Q10. How do you choose the right level of abstraction for an API?¶
Match the abstraction's vocabulary to the consumer's mental model, not the implementer's. App developers want payments.charge(order); library authors want gateway.authorize(token, cents, currency). Forcing app developers to assemble idempotency keys and currency minor-units is leaking implementer concerns upward — a defect even if the code is correct.
Q11. How is a good name an abstraction?¶
A name is the compressed contract of the thing. getUser() promises a cheap accessor; if it actually does a network call that can fail, the name leaks a lie.
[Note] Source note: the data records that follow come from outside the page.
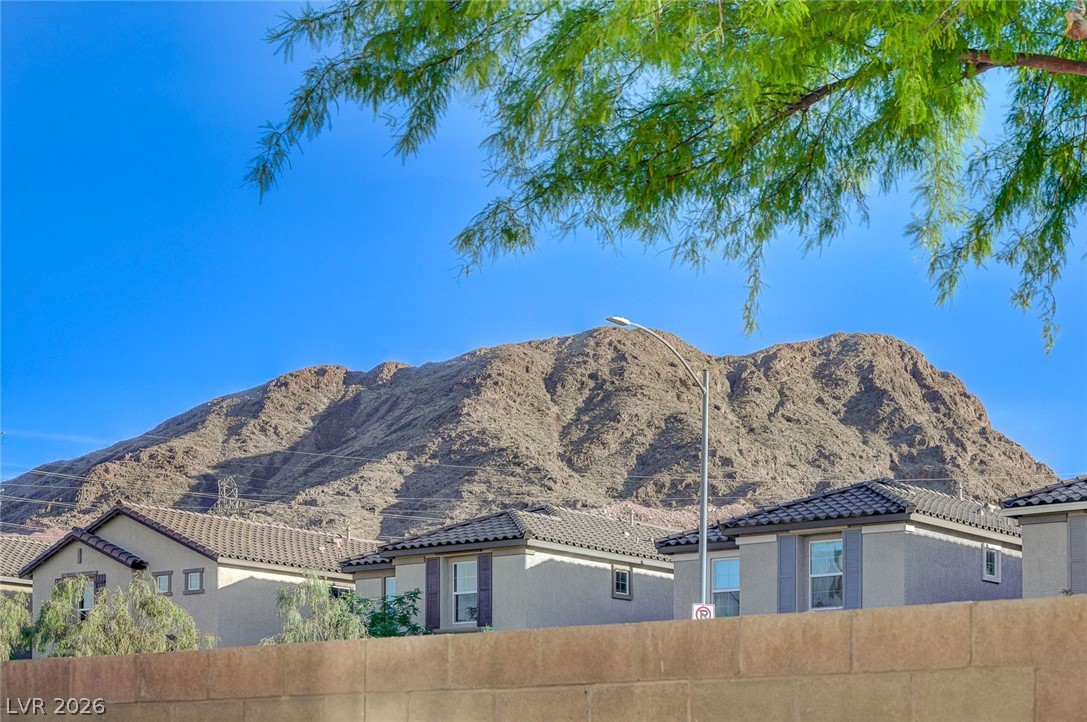 1333 Allegheny Moon Terrace 1 Henderson NV 89002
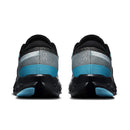 On Cloudsurfer 2 - Men's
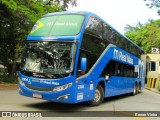 Real Maia 2304 na cidade de São Paulo, São Paulo, Brasil, por Renan Vieira. Número da foto: #12928631.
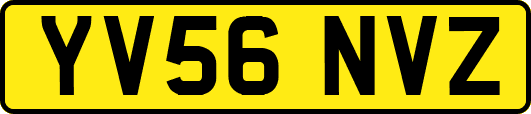 YV56NVZ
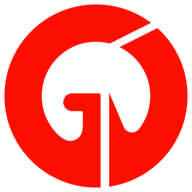 搞机助手安卓直装版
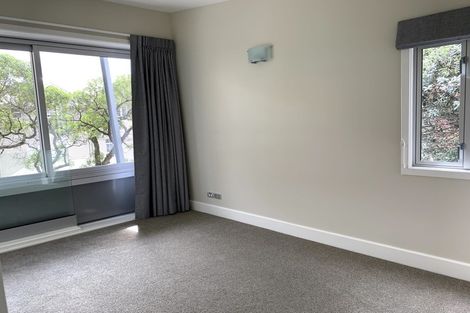 Photo of property in St Pauls Apartments, 114/43 Mulgrave Street, Thorndon, Wellington, 6011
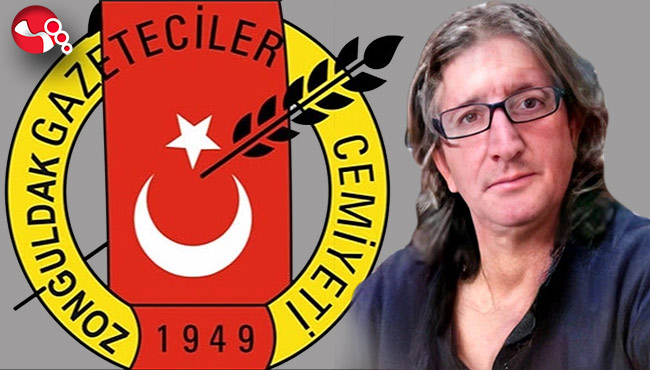 10 OCAK 1961 YILINDAN BUGÜNE…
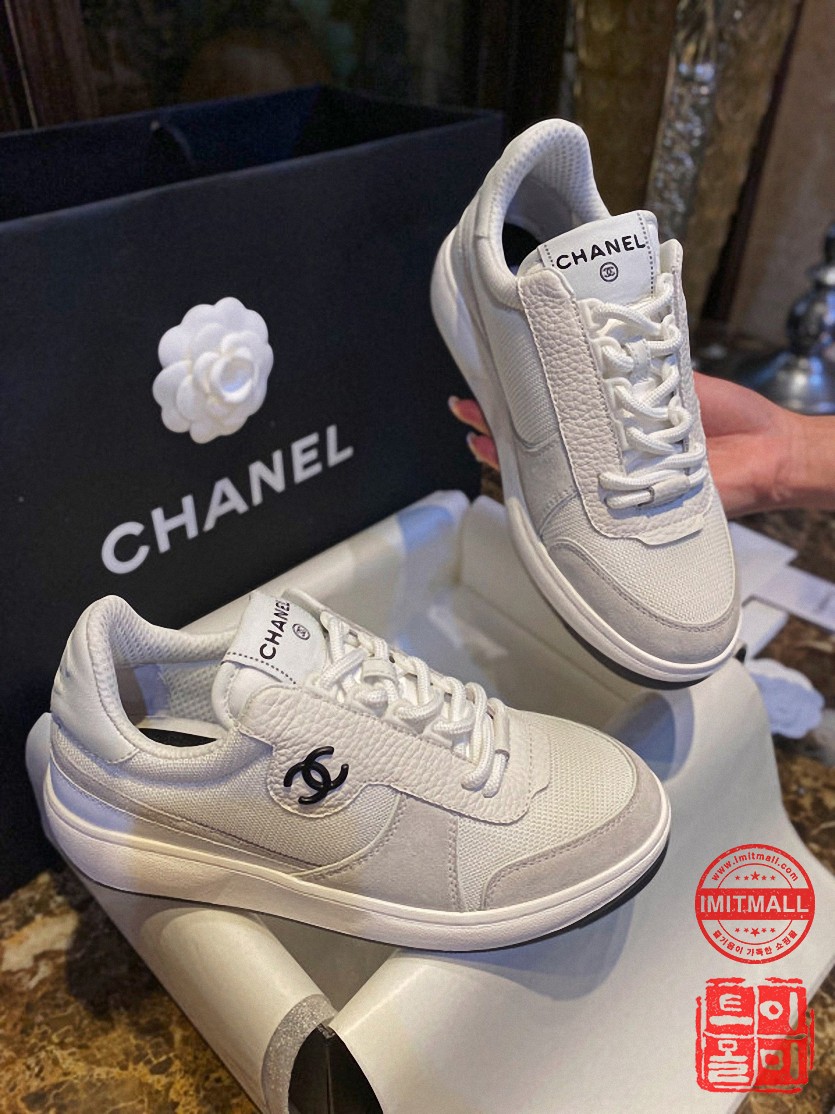 chanel_xxxxx_big_00005.jpg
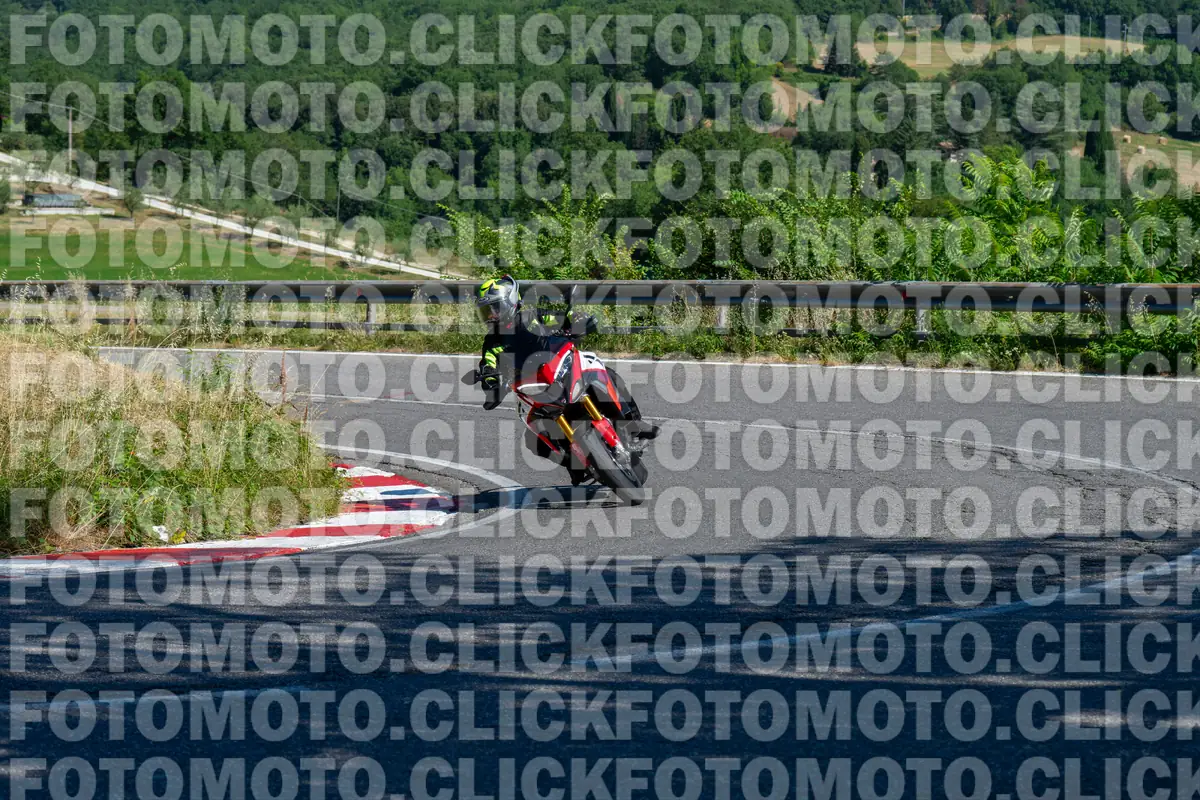 FotoMoto.Click  | La Tua Moto, la Nostra Foto fotomotoclick-spino-28-06-2026-1-10-16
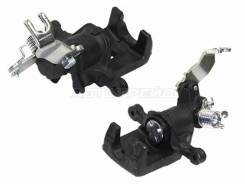 ������� ��������� ������ ST-44011-3Y500, ����� ST440113Y500 ����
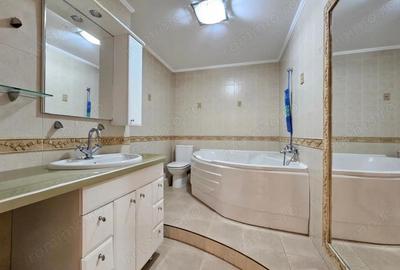 Garsoniera in zona Rahova aproape de farmacia Tei Garsoniera in zona Rahova aproape de farmacia Tei - 3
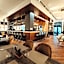 Iza Hotel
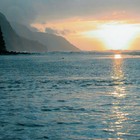 Picture for song 'a perfect day' by artist 'lkb(US)'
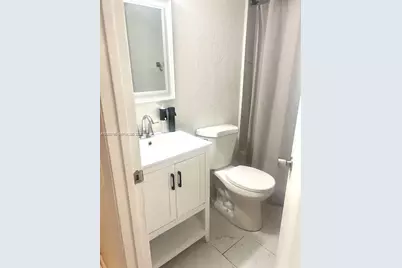 9200 W Atlantic Blvd #1413, Coral Springs, FL 33071 - Photo 15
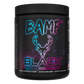 BAMF BUCKED UP – Bomba Pré-Treino com Nootrópicos | Alta Estimulação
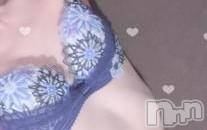 新潟デリヘル新潟人妻デリバリーヘルス 下心 ～したごころ～(シタゴコロ) 片瀬(かたせ)奥様(38)の10月14日写メブログ「❥❥»ネットサーフィン🍒´-」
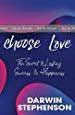digitaldarwin's tweet photo. @MonicaLewinsky I would like to get your quick review of my upcoming book Choose Love and have you join me in a global cause to eliminate suicide and drug overdose. Please DM me for more info. ♥️ https://t.co/dYTXruU8cF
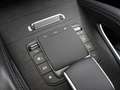 Mercedes-Benz GLE 400 e 4MATIC AMG Line | MANUFAKTUR Alpin Grau | Panora Gris - thumbnail 32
Good names encode what and the cost/failure surface: cache.get_user (cheap, may miss) vs api.fetch_user (remote, async, can fail). A vague name (process, handle, data2) signals you never decided what the thing is.
Q12. What is speculative generality / over-engineering, and how do you spot it?¶
Building flexibility for requirements that don't exist — abstract base classes with one subclass, config for things that never vary, plugin systems with one plugin, a boolean flag added so two cases can "share" code. Smell test: are you adding a parameter to satisfy a hypothetical future, or a real, present second case? YAGNI — only the second justifies the abstraction.
Follow-up: the flag smell — adding a boolean to share code usually means you have two functions, not one.
Q13. Walk me through unwinding a wrong abstraction you've inherited.¶
(1) Stop adding flags. (2) Inline the shared abstraction back into each caller, restoring the duplication — this makes each call site's true behavior visible. (3) Now that the real cases are visible, identify the smaller thing they actually share. (4) Re-extract that. Inlining first is what makes the correct abstraction discoverable; trying to "fix" the tangle in place just adds more conditionals.
Q14. When does concrete beat abstract?¶
One genuine caller with no foreseeable second (YAGNI); a hot path where indirection/allocation costs dominate; throwaway/spike code with no maintenance lifetime to amortize the investment; and when the axis of variation isn't stable yet — if you can't name what varies, you can't draw the boundary, so stay concrete and let the requirements teach you the shape.
Q15. At platform scale, why is the bar for committing an abstraction higher?¶
Because adoption freezes it. A concept used by one team is cheap to get wrong; a concept 40 teams import can't be changed without an N-team migration, and Hyrum's Law means consumers depend on behaviors you never promised. So platforms ship abstractions late, behind versioning, preferring thin honest primitives over thick clever-but-wrong unifications — and they run deprecations as programs (quantify → bridge → make-it-the-easy-path → stage → fund-or-freeze the tail).
Q16. How does abstraction relate to the other pillars of computational thinking?¶
Decomposition splits a problem into parts; abstraction decides what each part hides and exposes — they're partners. Pattern recognition finds the recurring shape that justifies an abstraction. Algorithmic thinking turns the abstraction's contract into concrete steps. Abstraction is the linchpin: get the boundaries wrong and decomposition and algorithm design inherit the mistake.